This alternative solution does have some side effects, such as all the changes need to happen on the synchronized side. In our example, changes to the product – category relation must be entered on the category item. As these side effects are not intuitive and could potentially create confusion, it is safer to customize the synchronization job directly, as discussed above.

Prices 

Sometimes, prices are managed outside of SAP Commerce Cloud. The cart and order calculation, however, still occur in SAP Commerce Cloud. In this situation, it doesn't make sense to import the prices into the staged catalog version and synchronize them to the online version since the prices are managed in a separate environment. Also, this additional price synchronization:

  • Takes unnecessary space in the database
  • Considerable slows down the synchronization process
  • Marks synchronized items as unsynchronized in the case of a manual synchronization (for example, changing PriceRow marks its product as modified for synchronization purposes)
  • Forces business users to make changes to the product content quickly in order to be able to publish new prices quickly

The recommended practice is to store PriceRows independently with a loose coupling to the product (see Decoupling PDTRows from Product).

Media

Similar to prices, media are often managed outside of SAP Commerce Cloud, especially for media conversion. If a project requirement is such that media conversion is done by an external system and attributes such as URL are also managed by another system, it is much better to create a separate media catalog with just one catalog version. This way, when a product catalog is synchronized, media items are not cloned from staged version to online version. In a large product catalog, since typically there are multiple media per product, the number of media items can become huge. In such situations, having catalog-aware product media items can present significant performance challenges.

Performance

There are ways to improve catalog performance: 

  • Set the number of parallel threads to two times the number of cores in your system (and monitor performance).
  • Avoid ordered relations.
  • Avoid synchronization of media, PriceRow, DiscountRow and TaxRow if possible (see above).
  • Remove types and attributes that are not used by the project from the synchronization.
  • Make sure you have the right indexes in place on unique attributes (see Logging Database Statements to confirm).
    • CatalogVersionSyncJob.checkCatalogVersionValidity() performs duplicate checks on every root type to ensure the correct state of the catalog version before starting actual synchronization. On a large data set, this is an expensive query. If unique database indexes are in place, these duplicate checking SQL queries are redundant and create unnecessary load on the database, especially in a large catalog. In such case, default CatalogVersionSyncJob implementation can be overridden to disable duplicate checking behavior for certain root types within a particular catalog.

Part-of vs Root Type

An important part of configuring synchronization is defining the attributes that will be synchronized. Simple types are easy. Their values will be copied across to the target item. Item references that are catalog version-unaware are also easy as the primary key (PK) value of the referenced item will be copied across.
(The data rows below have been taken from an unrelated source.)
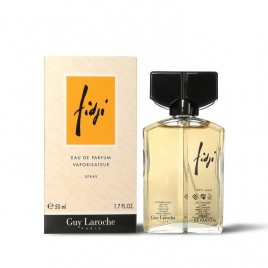 GUY LAROCHE FIDJI (W) EDT 50ML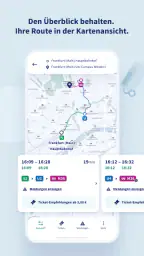 RMVgo screenshot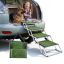 Dog stairs for car VEVOR 47.5x43-5-2, 4 steps, 52.5 × 45.5 × 18.5 cm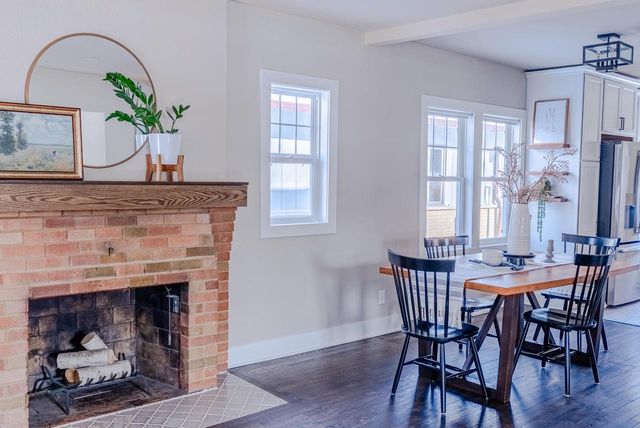 1 Merrill Crest DRIVE, Madison, WI 53705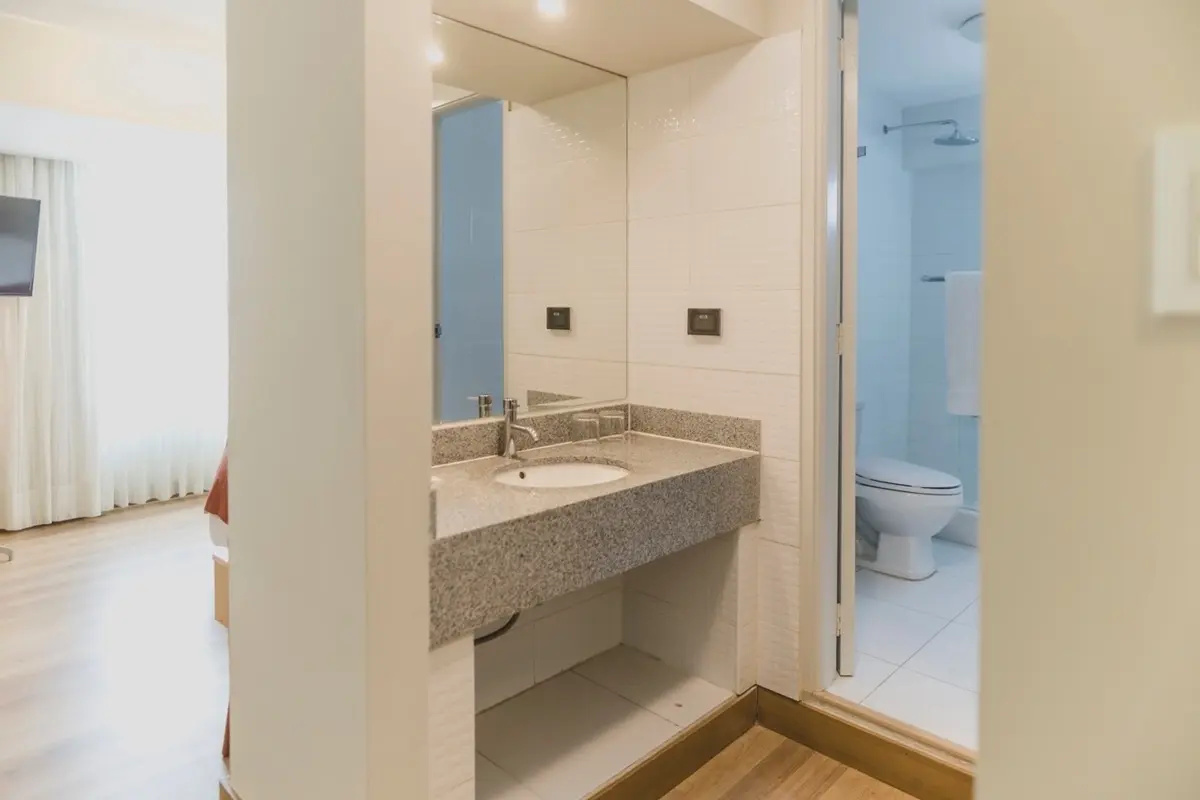 Foto - ibis Styles Lima Conquistadores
In some cases, there will be attributes that are catalog-aware item references. This means synchronization cannot simply copy the PK value because there needs to be a corresponding target Item.

Synchronization logic needs to consider these attributes so that target Items are created and correct target items are referenced. There are two ways to achieve this.

Part-of Configuration

Part-of configuration is used to make sure that any attribute of a type that is subject to synchronization (that is catalog-aware - matching items in staged and online catalog versions) is properly handled even if the target items do not exist in the target catalog. It works for partial synchronization as well as full synchronization. Part-of configuration is done by editing the SyncAttributeDescriptorConfig item for the attribute. "Copy by value" is a boolean value that determines the part-of configuration. If it is set to yes, the attribute is "part-of" the enclosing type. "Untranslatable value" which is next to it is also significant in the sense that it affects the resultant behavior. The following table summarizes the resultant behavior with different combinations of the two values.


Copy by value = yes Copy by value = no
Untranslatable value=yes

Attribute value in the target item will be cleared.

For a reference, it will be null, for a collection it will be empty.

Attribute value in the target item will point to the same PK as in the source item.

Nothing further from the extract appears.